Previously, the SP also submitted parliamentary questions about Eindhoven University of Technology’s move away from Dutch, raising concerns about the effect this would have on non-academic staff not proficient in English. ‘I share the opinion that this should not lead to people losing their jobs’, says Van Engelshoven. As she sees it, universities will have to assess the required level of English per position, or even per individual member of staff.
Both universities cite the presence of international students as the main reason for transitioning to English. ‘The language we use to communicate with each other must contribute to inclusiveness and diversity. It is important that everyone is able to understand each other and get involved in everything that goes on here’, the University of Twente stated on Twitter.
In Eindhoven, this means that every meeting and job interview will be held in English, that all minutes and official documents will be drawn up in English, and that all signage will be in English. There may be exceptions in some cases, as official documents that need to be submitted to various government bodies will still need to be written in Dutch.
A bilingual approach
At other universities with large international student populations, like Maastricht, Groningen, Delft and Wageningen, the debate about transitioning to English is less relevant: they are already bilingual and have no plans to abandon Dutch as an official language entirely.

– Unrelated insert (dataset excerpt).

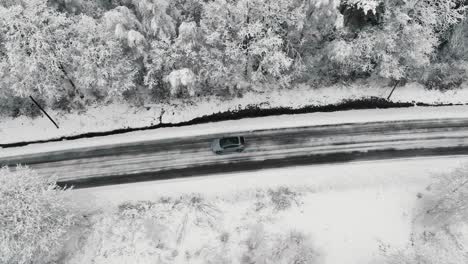 Drone-footage-of-car-driving-in-the-winter-forest-road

At Maastricht University, where half of the student body is international, English has however gained the upper hand in practice. Many policy documents are now only drawn up in English, and the university’s participation councils often conduct their meetings in English, even if all the members present are Dutch. ‘We’ve noticed that a lot of our academic staff prefer to discuss their research in English but switch to Dutch when they want to talk about non-work related subjects,’ says a spokesperson. The language used in job interviews depends on the applicant.
The other universities take a more pragmatic approach as well. ‘We use English only when there is a good reason to do so’, says a spokesperson for Wageningen University. In meetings, everyone speaks their own native language, with interpreters on hand to ensure that there’s no miscommunication. Delft University of Technology does not intend to adopt English as its official language any time soon either: ‘We see ourselves as a university firmly rooted in the Netherlands, and the Dutch language is part of that heritage’, a spokesperson said.